The mood shifts as Nicholls and Beck take us by our vital glands and lead us through the shrieks and blunders of our existential angsts. Two things guaranteed we can never escape – Death and after-midnight dodgy taxis. If we can’t reshuffle off our mortal coils we can at least die trying in the attempt.
They present a touching tableau of their dressing a corpse in preparation for burial followed by a pathology of the incremental decay of the body following death. Their visits to a hospice, noble in its sincerity, elicits little more than a clichéd sketch involving a wise-woman who might just have the answer to the purpose of Life and Death’s meaning. Not quite BlackAdder’s encounter with The Wise Woman.
Dicing with Death for comedic effect or moral allegory has iconic precedents with the bar set very high. It’s A Wonderful Life, Bill & Ted’s game of Cluedo, The Life Of Brian crucifixion scene, not least John Cleese’s pulpit harangue at Graham Chapman’s memorial service. Tough to follow.

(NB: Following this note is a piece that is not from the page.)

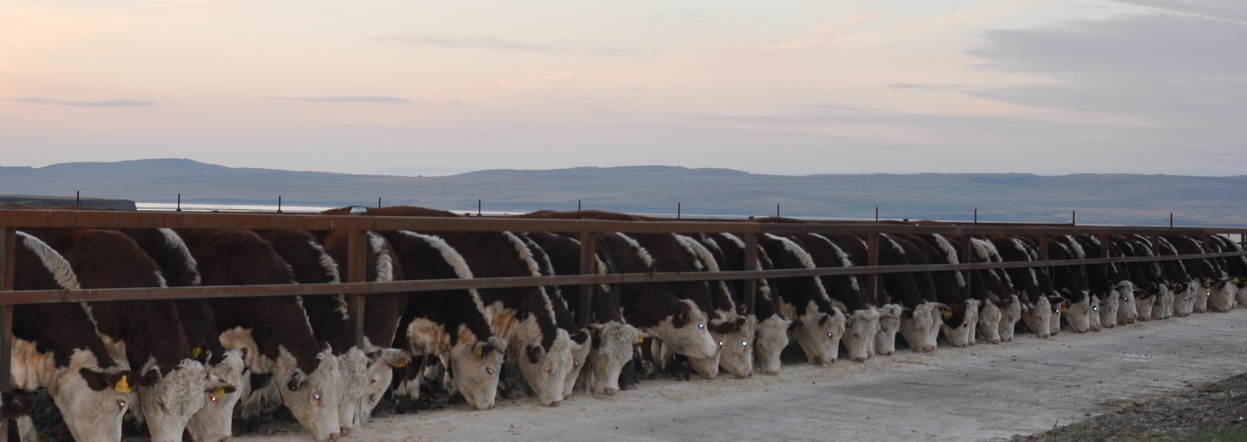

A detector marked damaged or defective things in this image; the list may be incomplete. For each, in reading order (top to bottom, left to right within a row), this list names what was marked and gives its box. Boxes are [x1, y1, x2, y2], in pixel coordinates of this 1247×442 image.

rusty metal rail [2, 207, 1247, 404]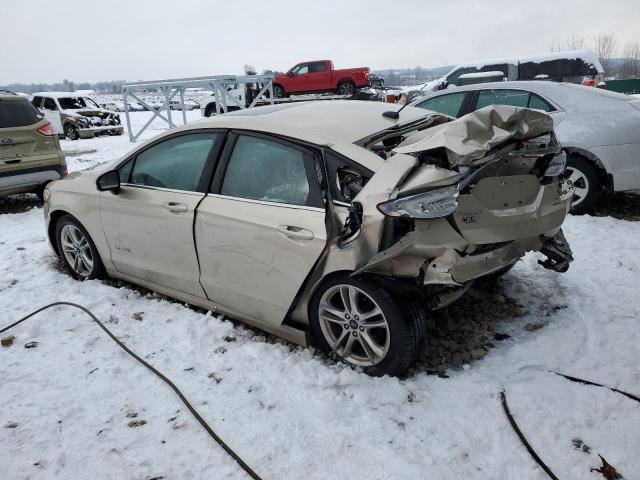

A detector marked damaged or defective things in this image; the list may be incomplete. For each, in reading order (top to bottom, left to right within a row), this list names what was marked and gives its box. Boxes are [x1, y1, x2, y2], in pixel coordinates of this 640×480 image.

Death Show is curate’s egg showcase of indisputable talent, wry verve and fragmented, caustic observational edge that loses its sense of originality, direction and pace as the show becomes more self-referential and introspective. The epilogue/homily that – in the end just makes the most of the small, precious things in Life, you’re only here once – is admirable if hardly epiphanic. This is tweely underlined with the pair projecting ‘selfies’ of themselves nose-splodging ice-creams earlier in the day and disco dancing their cares away.